Weniger Chaos innerhalb der Continental Studios bedeutet das nicht - im Gegenteil. Zur Ruhe kommt die Apple-Produktion so zu fast keinem Zeitpunkt. Das ist etwas schade, weil die Figuren dadurch nur im Arbeitskontext funktionieren, aber kaum private Züge bekommen. Doch teils schreiend komisch inszenierte Comedy entschädigt für die eher oberflächlichen Charaktere. Insbesondere ein völlig aus dem Ruder gelaufener Setbesuch Matts bei einem seiner Filme steigert sich in einer slapstickhaften Spirale zu einem Paradebeispiel pointiert inszenierten Humors.
US-Kritiker singen Lobeshymne auf "The Studio"
Mit ihrem Serienwerk haben Rogen und Goldberg nicht nur den Nerv der US-Kritikerschaft getroffen, die fast einstimmig Lobeshymnen anstimmt. Offensichtlich haben die beiden mit ihrer derben, teils kritischen, aber auch liebevollen Abrechnung mit dem modernen Hollywood zwischen TikTok-Challenge und Franchise-Filmdrehs auch bei ihren Kollegen aus dem Filmbusiness einen Stein im Brett. Olivia Wilde, Zoë Kravitz, Ron Howard, Anthony Mackie, Zac Efron - die Liste an A-Klasse-Gästen ist lang. Dass Apple sie nicht nur für einen bloßen Cameo-Auftritt, sondern zu selbstironischen, kleinen Rollen gewinnen konnte, gehört zu den großen Stärken von "The Studio".

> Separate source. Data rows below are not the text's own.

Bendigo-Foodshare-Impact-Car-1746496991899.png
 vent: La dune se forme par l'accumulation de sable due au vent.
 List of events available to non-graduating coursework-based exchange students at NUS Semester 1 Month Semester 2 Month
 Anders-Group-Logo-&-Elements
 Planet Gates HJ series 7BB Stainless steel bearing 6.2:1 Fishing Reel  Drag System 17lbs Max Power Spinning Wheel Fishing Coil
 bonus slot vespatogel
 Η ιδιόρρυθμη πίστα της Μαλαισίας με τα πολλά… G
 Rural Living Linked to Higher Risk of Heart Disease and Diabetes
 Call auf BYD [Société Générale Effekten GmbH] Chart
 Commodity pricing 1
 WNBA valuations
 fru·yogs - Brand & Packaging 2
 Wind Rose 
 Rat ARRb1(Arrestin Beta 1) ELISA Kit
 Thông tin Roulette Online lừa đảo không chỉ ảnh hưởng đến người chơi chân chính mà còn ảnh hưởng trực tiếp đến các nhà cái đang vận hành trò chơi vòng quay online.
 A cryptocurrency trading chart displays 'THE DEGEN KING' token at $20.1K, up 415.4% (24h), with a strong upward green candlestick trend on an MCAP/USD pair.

An einer satirischen Abarbeitung am Hochglanzgeschäft Hollywoods versuchte sich Ende 2024 auch HBOs Comedy "The Franchise" - mit Himesh Patel und Daniel Brühl ebenfalls hochkarätig besetzt. Verharrte die HBO-Breitseite gegen das Marvel-Superheldenkino noch eher an der Oberfläche, seziert "The Studio" die Kehrseiten der Traumfabrik genüsslicher - manche Branchenanspielungen und Filmreferenzen dürften nur wahre Filmnerds verstehen. Doch auch ohne jeden Witz ins Detail zu durchblicken, ist "The Studio" ein großer Spaß.